(RECORDS PROVIDED)
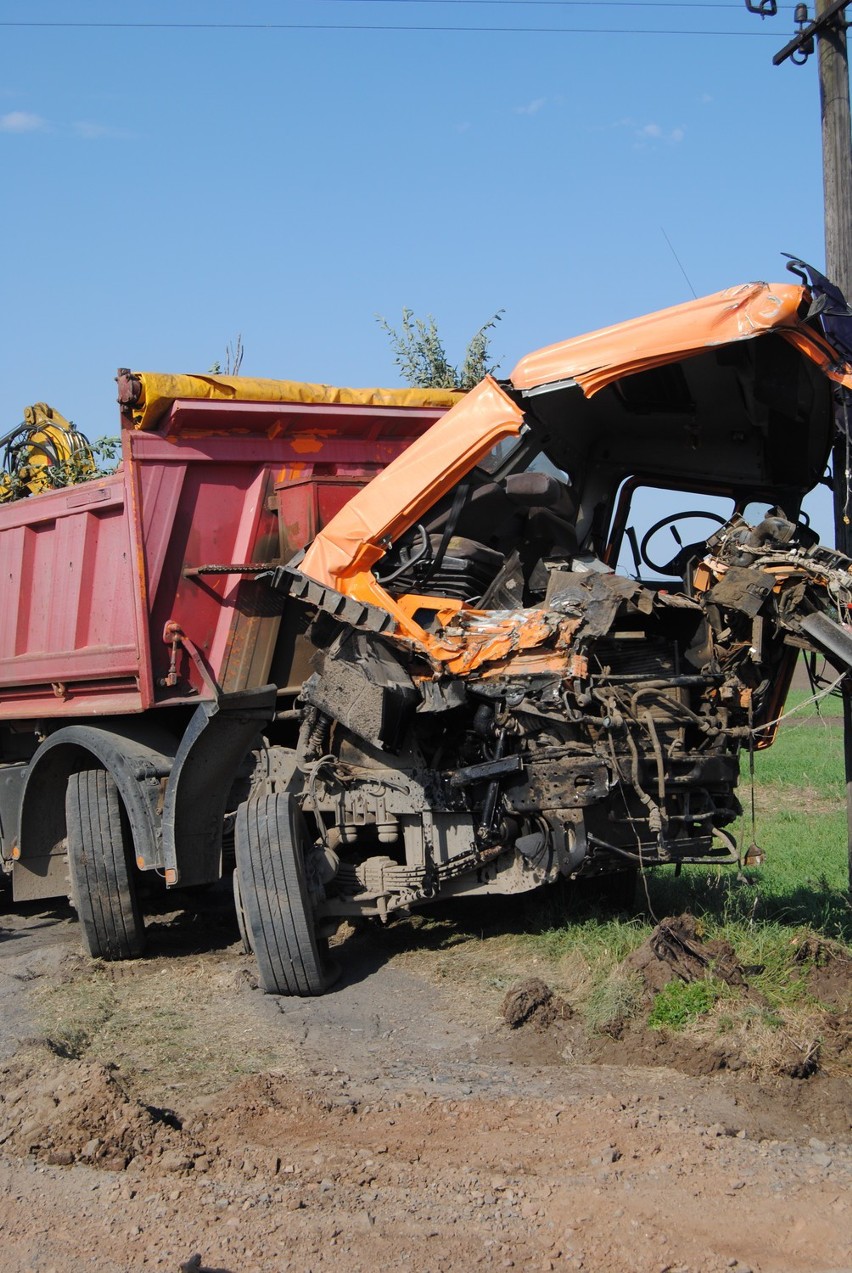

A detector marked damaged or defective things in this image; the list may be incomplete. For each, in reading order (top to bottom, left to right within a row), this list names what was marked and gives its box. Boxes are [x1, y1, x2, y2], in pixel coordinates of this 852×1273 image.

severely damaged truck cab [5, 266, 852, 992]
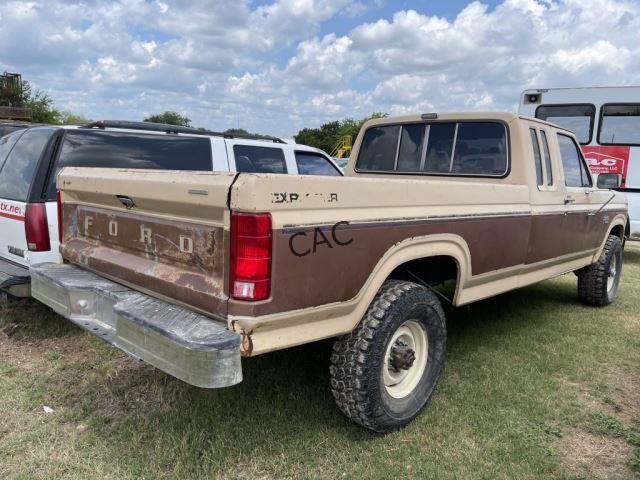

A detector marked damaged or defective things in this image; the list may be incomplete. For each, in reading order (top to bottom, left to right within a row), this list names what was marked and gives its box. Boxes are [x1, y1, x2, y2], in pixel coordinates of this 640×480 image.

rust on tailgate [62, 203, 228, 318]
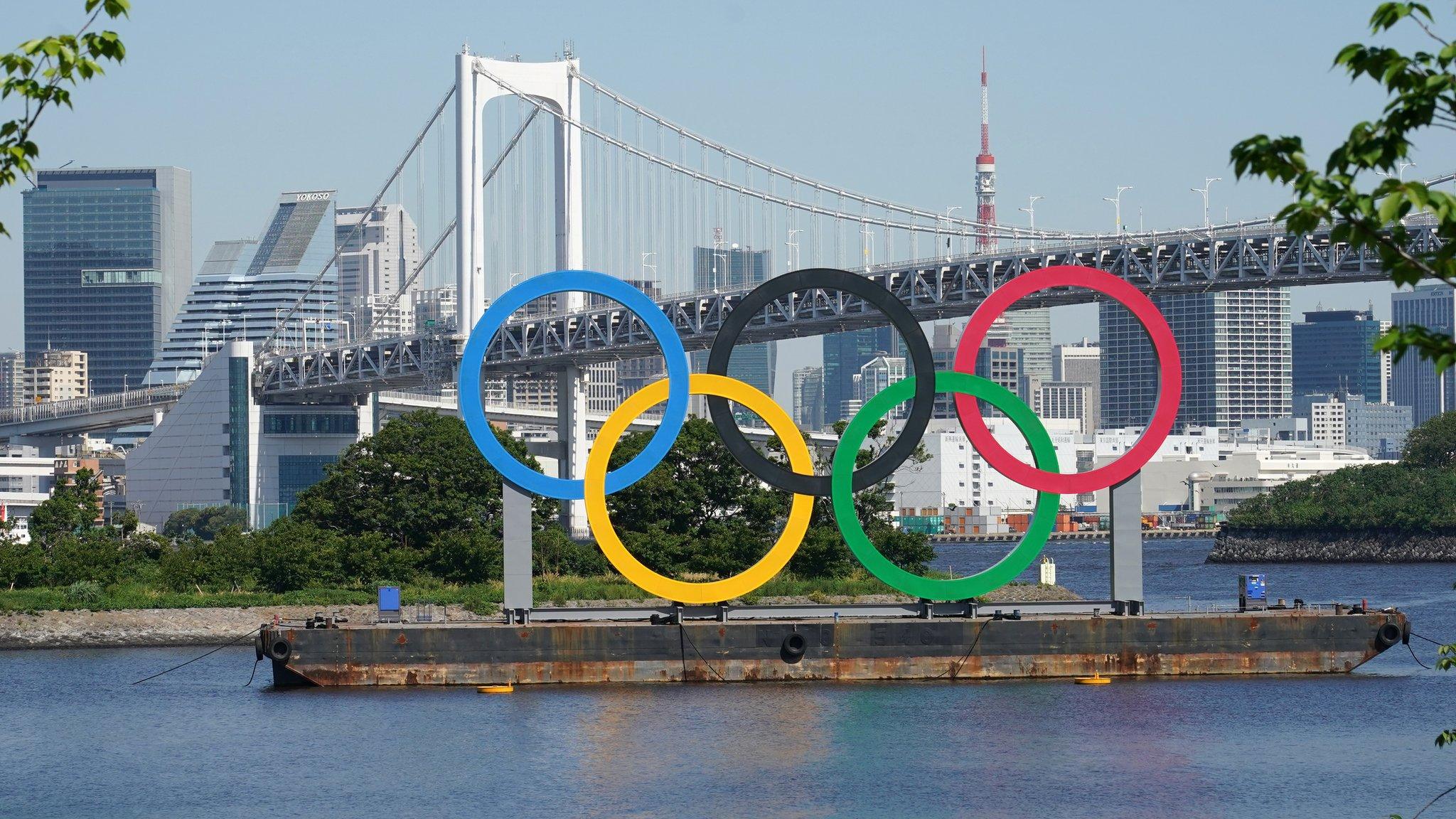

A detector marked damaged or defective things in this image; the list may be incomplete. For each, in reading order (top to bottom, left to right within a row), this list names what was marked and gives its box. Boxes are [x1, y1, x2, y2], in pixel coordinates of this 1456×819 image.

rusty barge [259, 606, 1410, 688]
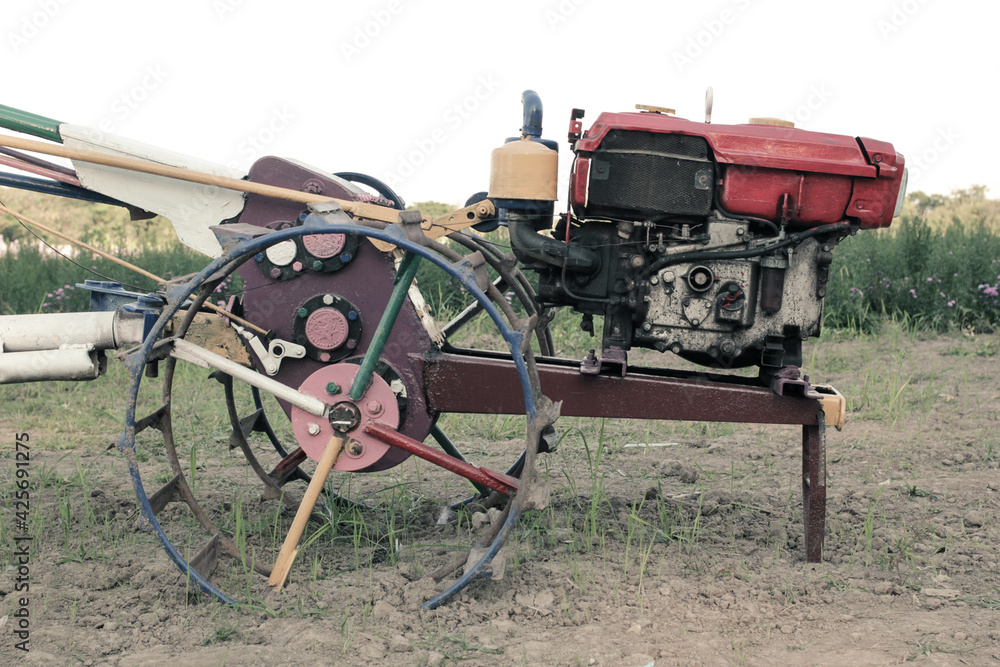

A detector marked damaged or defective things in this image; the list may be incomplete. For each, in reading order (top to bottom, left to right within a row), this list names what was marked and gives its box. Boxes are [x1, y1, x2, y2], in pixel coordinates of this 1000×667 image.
(End RECORDS PROVIDED)
(RECORDS PROVIDED)
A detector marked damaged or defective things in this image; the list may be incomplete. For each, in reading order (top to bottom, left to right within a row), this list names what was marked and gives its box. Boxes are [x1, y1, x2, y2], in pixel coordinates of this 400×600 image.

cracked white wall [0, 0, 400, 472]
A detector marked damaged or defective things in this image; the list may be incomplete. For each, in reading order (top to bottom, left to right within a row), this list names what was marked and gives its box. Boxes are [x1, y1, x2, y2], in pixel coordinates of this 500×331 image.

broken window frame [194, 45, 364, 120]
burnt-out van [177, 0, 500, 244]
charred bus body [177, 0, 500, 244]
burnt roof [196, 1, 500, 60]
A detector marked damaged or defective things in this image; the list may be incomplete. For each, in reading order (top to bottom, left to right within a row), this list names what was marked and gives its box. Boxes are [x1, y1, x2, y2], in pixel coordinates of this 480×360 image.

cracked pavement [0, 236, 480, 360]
(End RECORDS PROVIDED)
TO DO »
Could you write out exactly the lines of the data above that run from the one holding "this 852×1273 image." to the one holding "this 1000×667 image.", with both ends in and all pictures out?

SOLUTION »
A detector marked damaged or defective things in this image; the list may be incomplete. For each, in reading order (top to bottom, left to right within a row), this list names what was marked and gives its box. Boxes are [x1, y1, x2, y2], in pixel coordinates of this 852×1273 image.

severely damaged truck cab [5, 266, 852, 992]

A detector marked damaged or defective things in this image; the list may be incomplete. For each, in reading order (top to bottom, left to right within a row), this list names what was marked and gives its box. Boxes are [x1, y1, x2, y2], in pixel coordinates of this 640×480 image.

rust on tailgate [62, 203, 228, 318]

A detector marked damaged or defective things in this image; the list may be incomplete. For each, in reading order (top to bottom, left to right within a row), this list names what was marked and gives its box. Boxes are [x1, y1, x2, y2], in pixel coordinates of this 1456×819 image.

rusty barge [259, 606, 1410, 688]

A detector marked damaged or defective things in this image; the list may be incomplete. For each, in reading order (top to bottom, left to right within a row), this list names what was marked and gives its box. Boxes are [x1, y1, x2, y2], in pixel coordinates of this 1000×667 image.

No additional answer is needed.